Porém, todos os ativos financeiros são, em última análise, uma reivindicação sobre o valor excedente extraído da classe trabalhadora no processo de produção capitalista. Medidas significativas de saúde pública ameaçavam este fluxo de riqueza.

Por isso foi feita a campanha de retorno ao trabalho, a insistência de que 'a cura não pode ser pior do que a doença.' Nada, especialmente a saúde, o bem-estar e a vida dos trabalhadores, poderia impedir o fluxo de riqueza para a oligarquia financeira.

Enquanto os governos de todo o mundo forneceram bilhões para as corporações, o Fed nos EUA e outros grandes bancos centrais injetaram cerca de US$16 trilhões nos mercados financeiros. O Fed dobrou seu patrimônio praticamente da noite para o dia para mais de US$8 trilhões, tornando-se o apoio para cada mercado financeiro, gastando em certo ponto US$ 1 milhão a cada segundo.

As consequências são enormes.

A agência Oxfam relatou que, nos dois primeiros anos da pandemia, a renda dos 99% mais pobres da sociedade caiu enquanto a riqueza dos dez indivíduos mais ricos dobrou.

Um novo bilionário foi criado a cada 26 horas desde que a pandemia começou e a riqueza dos 2775 bilionários do mundo aumentou durante os dois anos da COVID mais do que em todos os 14 anos anteriores, que já haviam sido uma bonança.

Duas questões-chave surgem agora: o que vem em seguida e o que deve ser feito?

Nossa perspectiva deve, antes de tudo, ser fundamentada nas lições dos últimos 50 anos: todas as medidas adotadas pelas classes dirigentes para combater uma crise apenas criam as condições para seu ressurgimento em uma forma ainda mais explosiva.

Esse é o caso hoje.

A recusa dos governos em implementar as medidas para eliminar a pandemia enquanto eles protegem os mercados financeiros, juntamente com as ações dos bancos centrais, criou uma crise na economia real ‒ grandes interrupções nas cadeias de abastecimento e uma inflação desenfreada.

A crise foi exacerbada pela marcha de guerra dos EUA, com o objetivo de abrir a Rússia e depois a China para pilhagem, conforme procura superar seu declínio histórico bombeando sangue fresco em suas artérias escleróticas.

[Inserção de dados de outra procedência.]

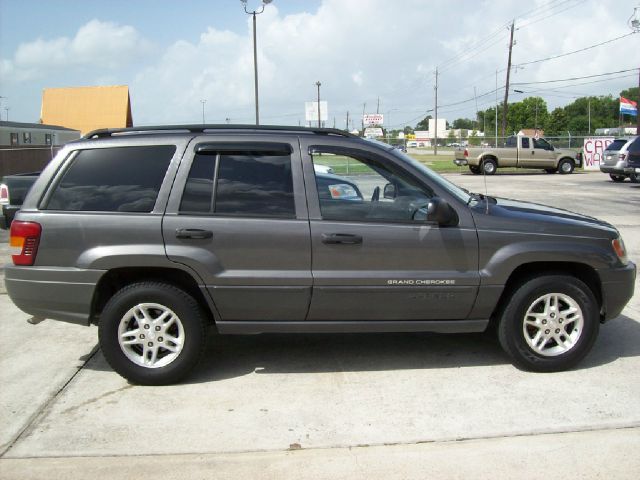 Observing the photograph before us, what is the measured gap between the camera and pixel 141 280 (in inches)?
175

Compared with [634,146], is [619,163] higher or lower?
lower

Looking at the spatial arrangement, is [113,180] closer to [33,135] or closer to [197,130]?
[197,130]

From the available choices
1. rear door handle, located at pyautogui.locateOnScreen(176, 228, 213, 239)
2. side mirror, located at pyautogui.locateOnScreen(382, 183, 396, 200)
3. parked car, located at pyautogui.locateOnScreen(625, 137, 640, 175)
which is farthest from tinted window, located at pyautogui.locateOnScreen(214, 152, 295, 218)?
parked car, located at pyautogui.locateOnScreen(625, 137, 640, 175)

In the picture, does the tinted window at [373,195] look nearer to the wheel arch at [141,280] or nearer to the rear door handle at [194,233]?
the rear door handle at [194,233]

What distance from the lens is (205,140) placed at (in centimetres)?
447

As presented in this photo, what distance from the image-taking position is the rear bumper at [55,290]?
433 cm

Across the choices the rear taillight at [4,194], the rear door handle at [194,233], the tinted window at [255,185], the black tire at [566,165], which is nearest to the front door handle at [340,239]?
the tinted window at [255,185]

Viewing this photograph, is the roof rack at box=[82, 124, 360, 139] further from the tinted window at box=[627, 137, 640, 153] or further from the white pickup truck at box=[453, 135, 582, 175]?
the white pickup truck at box=[453, 135, 582, 175]

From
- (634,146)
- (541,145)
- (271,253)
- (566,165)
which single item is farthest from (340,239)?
(566,165)

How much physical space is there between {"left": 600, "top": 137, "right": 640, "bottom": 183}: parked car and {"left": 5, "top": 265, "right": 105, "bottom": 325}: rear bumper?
69.8 feet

E agora a luta de classes, há tanto tempo reprimida, está intervindo. Bancos centrais, liderados pelo Fed, estão elevando as taxas de juros com o objetivo de induzir uma recessão para combater os trabalhadores, à medida que são levados à luta pelos cortes diários decorrentes da inflação.

Dívidas governamentais massivas criadas através de resgates corporativos estão sendo pagas com a redução dos gastos sociais.

Os aumentos das taxas de juros, impostos sob condições de inflação crescente, ameaçam desencadear uma nova crise financeira.

Isso é porque a especulação, que tem sido tão importante para o acúmulo de lucros por décadas tem sido completamente dependente de um regime de taxas de juros baixas.

Os mercados de commodities já estão em turbulência junto com os mercados de títulos, e as bolsas de valores se movimentam em meio a temores de que mesmo o colapso de uma instituição financeira relativamente pequena pode desencadear uma crise sistêmica.

Entretanto, não há uma crise final do capitalismo. Não há crise que, por si só, será fatal para o sistema de lucro.

Essa ordem social de devastação e destruição só pode acabar pela luta revolucionária consciente da classe trabalhadora para derrubá-la.

Isso requer a construção do Comitê Internacional da Quarta Internacional como o partido mundial da revolução socialista, para liderar esta batalha. Essa é a tarefa urgente, decorrente do aprofundamento da ruptura econômica, neste 1º de maio.